Thursday, February 11, 2010

Day 39: Private Equity and Training Business in India

I came back to London on Monday morning, and it already seems a long time. Active life has its own value - I have been running around, sorting out my passport and various visas, as well as pushing through the business restructuring issues in India and elsewhere. It is interesting that I was watching a snippet from Donald Trump's recent interview on CNN and he was saying that when you work hard, you get lucky. Something of that sort is already happening with me.

In short, just when I was almost giving up, orders have started coming back. An idea I cooked up in near desperation, setting up employment preparation centres inside universities, is suddenly gaining some traction. There are some new doors opening in terms of business opportunities. Most of this end of recession bounce, and being acutely aware, I am very keen to make use of some of the opportunities. There are some legacy issues which I still have to negotiate - true - but I am much more optimistic about the next 12 to 24 months than I have even been in last three years.

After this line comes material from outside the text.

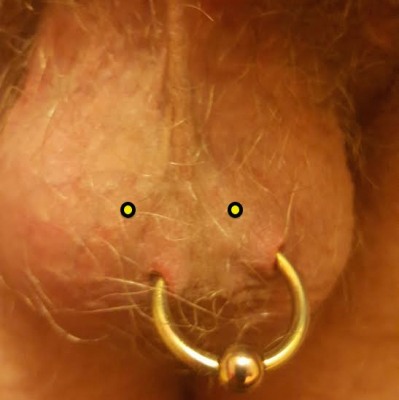 A poorly-placed scrotum piercing remarked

Last few days, I have also received some excited phone calls and emails from India telling me how big an opportunity Indian education sector presents, and how much of private equity investment is lined up to support the education businesses. Money is available, though the actual investment has so far fallen far short of the promise. The reasons cited is (a) the investors are still not certain about the government policy and that the promises Kapil Sibal has made so far will indeed be carried out; and (b) Indian education companies so far proved too small in the context of market size in India and in terms of quantum of investment currently needed.

I think the first concern will soon be addressed, as the government is starting to take some concrete steps in modernizing education policy. It is interesting that such liberalization/ modernization is happening exactly at the same time as the popular overseas study destinations, Australia, UK and United States to some extent, is becoming increasingly inaccessible to Indian students. This may mean an increasing focus on developing the in-country offerings by foreign universities, and increasing collaboration with Indian colleges, as most universities in these countries are also suffering from a recession-driven fund crunch and they wouldn't want to give up access to Indian markets that easily. Besides, the new procedures, which are supposed to be more transparent and commercially viable, should allow professional education outfits to be set up, as against the current black money driven industry.

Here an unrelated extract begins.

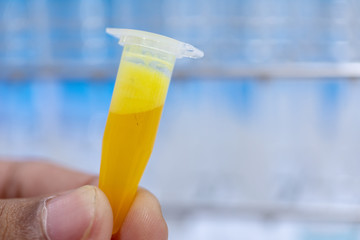 Analysis protein for study Chemical composition in laboratory.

The second is more difficult to address. India is a matured, regionally divided, complex market. But its complexity is matched with low margins on the business, it is a classical bottom of the pyramid market. This presents most foreign companies with two insurmountable challenges. The first is to adjust their margins thinking with volume thinking, while simultaneously handling a second puzzle, the volume promise isn't automatic too. So, the Indian education/ training mostly has to be left to Indian entrepreneurs who can live with this reality. However, so far, Indian training industry was dominated by SMEs [education investment for bigger corporates were mostly a sideshow or a philanthropic activity] and in a capital poor country, SME businesses are unlikely to intervene in scale in the first place. So, Indian education markets so far had a number of smart companies, but unfortunately only a few which could operate at a scale and with professionalism required by Private equity.

I am sure that a change is coming, and no one can deny the existence of very professional commercial companies like Educomp or NIIT, which are as good as anyone in the world. Besides, we are seeing increasing interest from business groups like Birlas and Reliance to enter into training and education businesses. So, a scale intervention is around the corner, despite its apparent complexities and challenges. One can argue that it actually depends on the government to liberalize education and relax some of its meaningless control measures, and we shall suddenly see a sea-change in both the provision and consumption of education and training in India.